CX, CEM – What’s the Difference?



This is my first column for this new Web site, and I would like to establish the basics about customer experience.

Back in 2004, while I was at Gartner, Ed Thompson (probably one of the finest analysts ever to grace the halls of Gartner) asked me to collaborate with him on "the ultimate guide for customer experience management [CEM]." Back then this was just getting started (well, version 2.0 was getting started) as the must-have item for the modern CRM implementation. If you have already finished your CRM (yeah, as if, but back then we were more naive about it), CEM was the next logical step.

The same attributes we mention today to justify customer experience were en vogue back then: Millenials (back then it was Generation Z) are all about experiences, customers expect and are willing to pay more for experiences, etc.

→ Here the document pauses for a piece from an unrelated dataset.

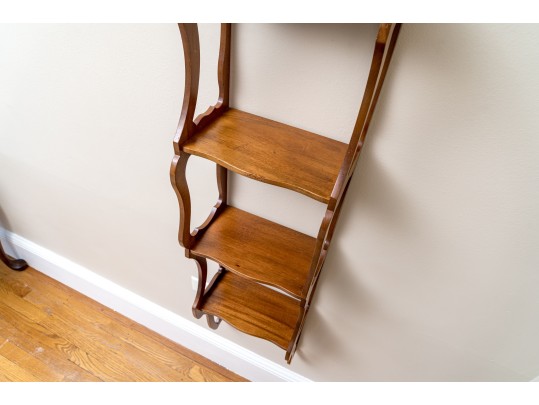 Carved Four Shelf Wall Mounted Shelves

In short, if you wanted to succeed at CRM you had to do CEM.

We talked quite a bit about it, did the research, documented most of what we found, and even put a whole slew of case studies and examples in the paper. Bottom line, we created (I will give Ed most of the credit, although it was my topic as the then-resident expert on feedback and experiences) a wonderful guide 42-plus pages long that had all you ever needed to know about CEM. It brought a lot of attention, a lot of follow-up consulting work, and is still quoted today.

One of the main points we emphasized back then was that experiences had to be managed. Organizations had a critical role to play: they had to create, deliver, and maintain experiences for the customers. Customers were consumers of experiences created by the organizations.

This third iteration of Customer Experience (without the M for management) is a tad more complex.

Starting circa 2005-2006, we saw a shift in this area: Customers no longer wanted to be the recipients of experiences, they wanted to create and customize them. Not only that, but the more feedback events (read surveys) we conducted about experiences, the more we learned how the customers saw the experiences, and it was not as we thought. As it turns out, about 60 percent of the work we did for that guide was correct. Customers did expect experiences (and most of the methods we highlighted to design, deploy, monitor, track, and maintain them were almost correct), but they did not want the organization to manage them.

Customers, amidst what my good friend Paul Greenberg calls a communication revolution, began to feel empowered to demand more participation in creating and customizing experiences; they also made decisions on the basis of how simple their experience was. Experiences were no longer driven by the company and customers subject to them. Customer wanted to cocreate their experiences with the organization, either as a static or dynamic experience.

In view of these changes, I adapted the original work we did in my seven-part series on how to deliver awesome customer experiences. (I was no longer at Gartner by then, so it is in my blog.) This is not a final state of affairs, more evolution has happened since then, and most of it is reflected in my work and presentations on the collaborative enterprise, but it's a good entry point for customer experience.

The work I did was to refocus the customer experience design and deployment on a cocreated reality, with customers and employees working together to generate the best experiences possible. Such experiences were easily adapted to each customer's reality and focused on delivering to their expectations; simple to provide and accommodate feedback on how to improve the experiences taken both via surveys and by looking at operational and processing data; and easy to improve as the organization or the customers evolved.

In addition to the work I did in the past both in CEM and CX, I wanted to mention the top three differentiators of customer experience now versus then:

1) It is not about management, it is about effective delivery.

2) It is not about satisfaction with one or more pieces of it, it is about effective delivery of what's needed.

3) It is not about fast processing and making things work, it is about effective delivery of what's needed in the right time, place, and context.

Customer experience is focusing on what client need, when and how they need it, and ensuring that what is delivered meets their expectations.

Is this what you are doing? Think about it.